A forgotten concert venue in the mid-Peninsula is returning to life. Frost Amphitheater, Stanford University’s outdoor bowl, has been refurbished and is making its classical debut in this new form with San Francisco Symphony summer programs in July.
Frost is a historically important venue which opened in 1937 and holds up to 8,000 people for standing-room-only events. For many years it hosted noted performers and speakers ranging from the Boston Pops to Dag Hammarskjöld to the Grateful Dead. But in recent decades, Frost fell into disuse because of its complete lack of amenities and infrastructure. Everything from tents to use as backstage facilities to port-a-potties for the audience had to be hauled in for every show over the high berm that surrounds the venue.
Now, as part of rebranding this part of campus as an arts center — Frost is right next to Bing Concert Hall, with which it will share an outdoor patio and plaza — Stanford has built a completely new and full-stage facility, and refurbished the audience area as well.

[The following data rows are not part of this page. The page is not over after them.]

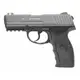 Borner W3000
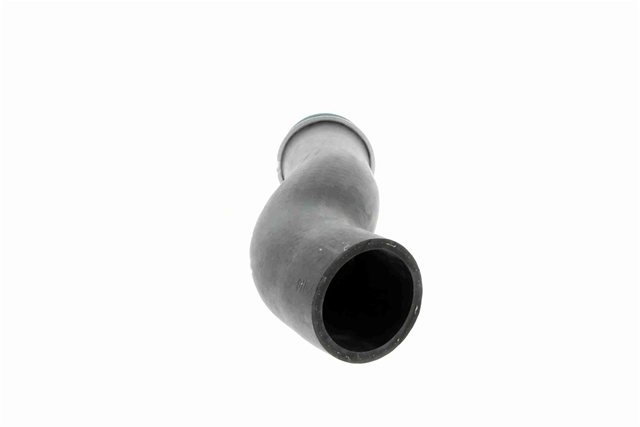 FURTUN TURBO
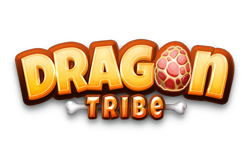 Dragon Tribe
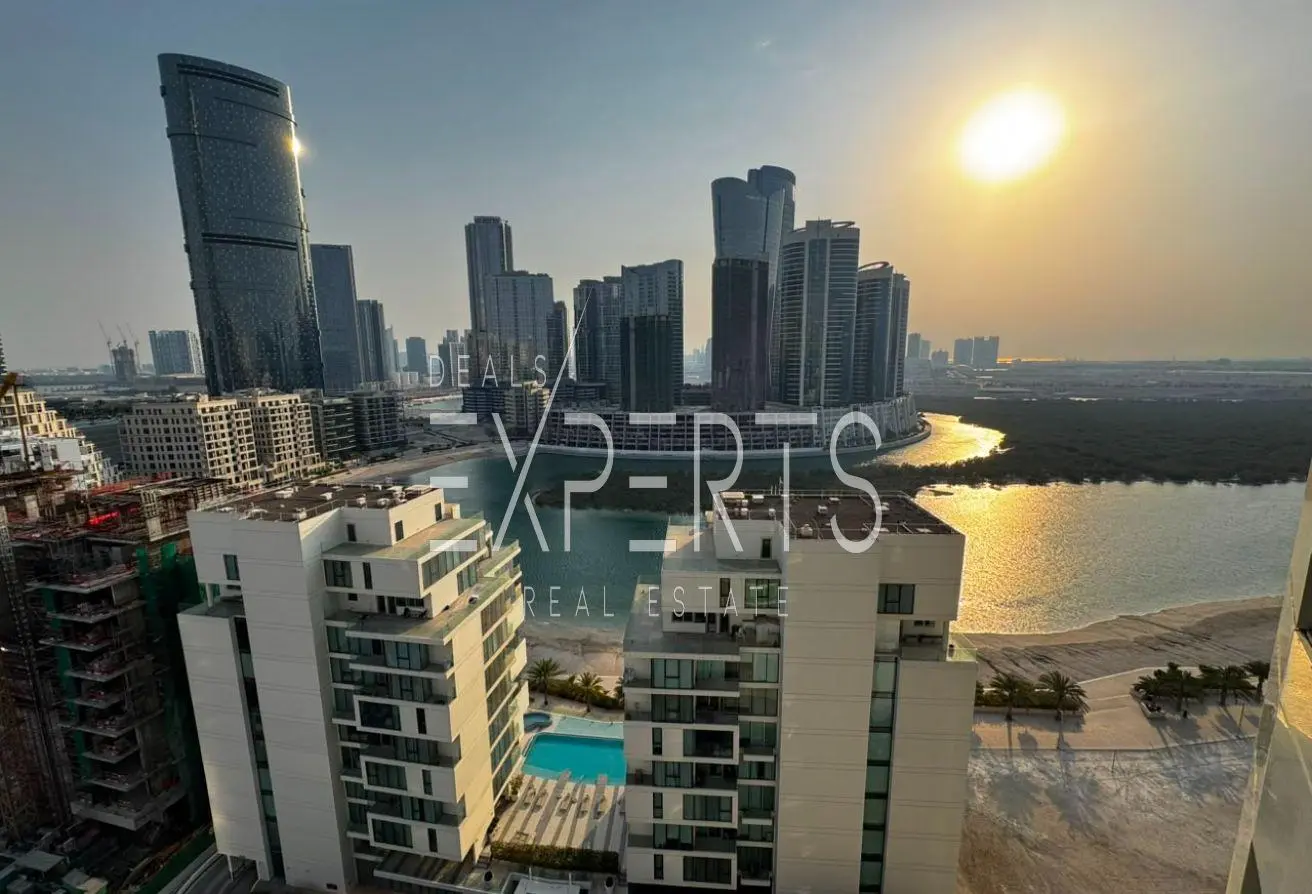 127914674 - Property Main Image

The first thing audiences will notice as they come in by the main entrance from Lasuen Street, near Bing, is a tunnel through the berm. No more need to climb over it, and the tunnel offers a quicker exit as well as entrance. Next to the tunnel is a new, permanent, free-standing restroom building, with a larger one near the back of the bowl, by the old, over-the-berm side entrance from Galvez Street. Stanford Live, which is managing events, promises numerous carts with elegant food and drink offerings to enliven preconcert and intermissions in the patios outside the berm.

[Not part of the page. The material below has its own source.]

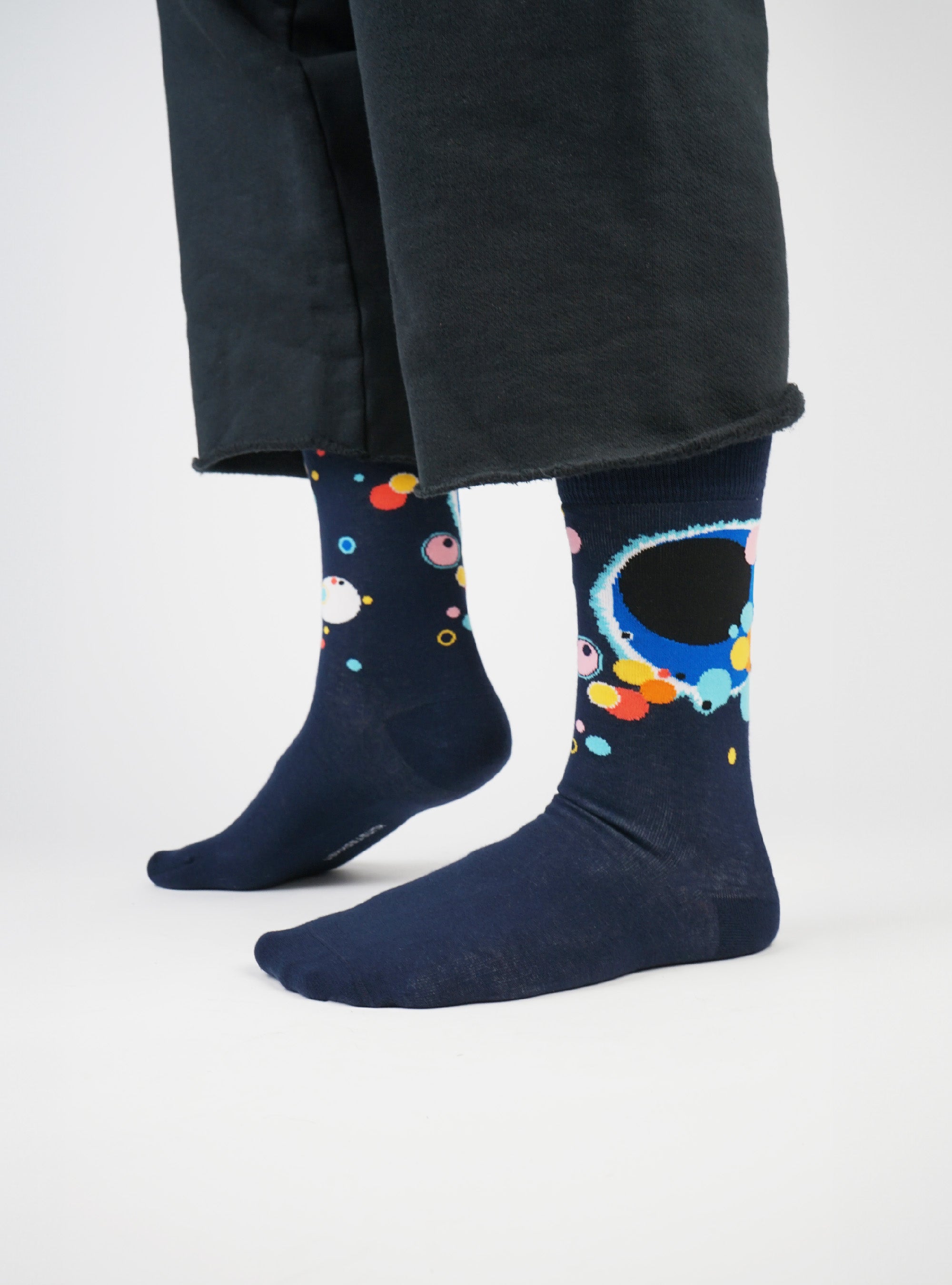 Vassily Kandinsky 2-pack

The seating area is still grass terraces with ancient, chipped concrete frames, except that several sections have been paved for ADA seating. For classical concerts, Stanford Live says it will load the lower seating area with full-height chairs for reserved seating. Those not up to planting themselves on blankets or legless stadium seats that they bring themselves will thus have somewhere to sit.
But the glory of Frost promises to be the new stage facility, designed by Stanford alumnus architect Chris Wasney. Facing the audience as the stage backdrop is a large rock wall, forming both an arresting but subdued sight and a broadcasting reflector of sound. The wall and the canopy (for lights and to hold backdrops) are designed to let the audience see around them to the berm and trees that form Frost’s attractive natural setting.
The stage facility will also well serve performers and crew. There’s easy loading from a dock behind the amphitheater, via another tunnel through the berm, onto a freight elevator going down to stage level at the bottom of the bowl. Backstage are the dressing rooms and other amenities expected in any decent indoor venue.
Frost will be hosting a busy concert series of popular music, including in this inaugural season Lionel Richie and the electronic band ODESZA. And as classical residents, the San Francisco Symphony — which long ago abandoned its only South Bay venue, the peculiar Flint Auditorium in Cupertino — has signed up to give two summer festival programs in July.
Michael Tilson Thomas will conduct an all-Tchaikovsky program, featuring the Fourth Symphony and Gil Shaham in the Violin Concerto, on the evening of July 10, and new guest conductor Gemma New will lead Beethoven’s Ninth Symphony in two performances, an evening show on July 13 and a late-afternoon matinee on July 14. Frost is known for good acoustics, but the Symphony will find out on the day how the new stage affects this. As with most outdoor venues, there will be restrained amplification.